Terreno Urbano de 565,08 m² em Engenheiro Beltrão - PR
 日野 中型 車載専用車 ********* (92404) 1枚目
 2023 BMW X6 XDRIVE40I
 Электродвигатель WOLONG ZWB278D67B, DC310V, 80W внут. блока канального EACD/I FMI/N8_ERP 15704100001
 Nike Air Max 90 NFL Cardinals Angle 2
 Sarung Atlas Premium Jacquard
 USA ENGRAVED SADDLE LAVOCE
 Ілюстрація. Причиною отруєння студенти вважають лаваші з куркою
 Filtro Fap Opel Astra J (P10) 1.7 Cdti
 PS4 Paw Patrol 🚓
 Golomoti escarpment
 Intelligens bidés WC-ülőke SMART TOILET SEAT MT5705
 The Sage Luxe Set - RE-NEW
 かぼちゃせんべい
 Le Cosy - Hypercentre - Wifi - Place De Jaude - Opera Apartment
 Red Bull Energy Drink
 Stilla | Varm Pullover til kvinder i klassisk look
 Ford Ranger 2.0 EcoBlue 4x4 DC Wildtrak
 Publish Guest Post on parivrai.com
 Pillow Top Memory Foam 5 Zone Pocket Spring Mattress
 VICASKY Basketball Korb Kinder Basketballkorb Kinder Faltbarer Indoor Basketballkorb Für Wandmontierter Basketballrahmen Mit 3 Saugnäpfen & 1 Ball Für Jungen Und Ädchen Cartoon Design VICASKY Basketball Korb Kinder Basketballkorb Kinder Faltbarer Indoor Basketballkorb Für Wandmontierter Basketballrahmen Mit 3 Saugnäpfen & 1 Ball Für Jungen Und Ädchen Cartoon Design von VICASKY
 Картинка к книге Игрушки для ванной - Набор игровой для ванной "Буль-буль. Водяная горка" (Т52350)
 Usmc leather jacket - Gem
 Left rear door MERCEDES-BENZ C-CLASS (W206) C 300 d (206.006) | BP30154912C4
-------------------------
- _Task details_:
Write down exactly the span of lines above from the one containing "Le Cosy - Hypercentre" to the one containing "Pillow Top Memory", both ends included.

- _Task answer_:
 Le Cosy - Hypercentre - Wifi - Place De Jaude - Opera Apartment
 Red Bull Energy Drink
 Stilla | Varm Pullover til kvinder i klassisk look
 Ford Ranger 2.0 EcoBlue 4x4 DC Wildtrak
 Publish Guest Post on parivrai.com
 Pillow Top Memory Foam 5 Zone Pocket Spring Mattress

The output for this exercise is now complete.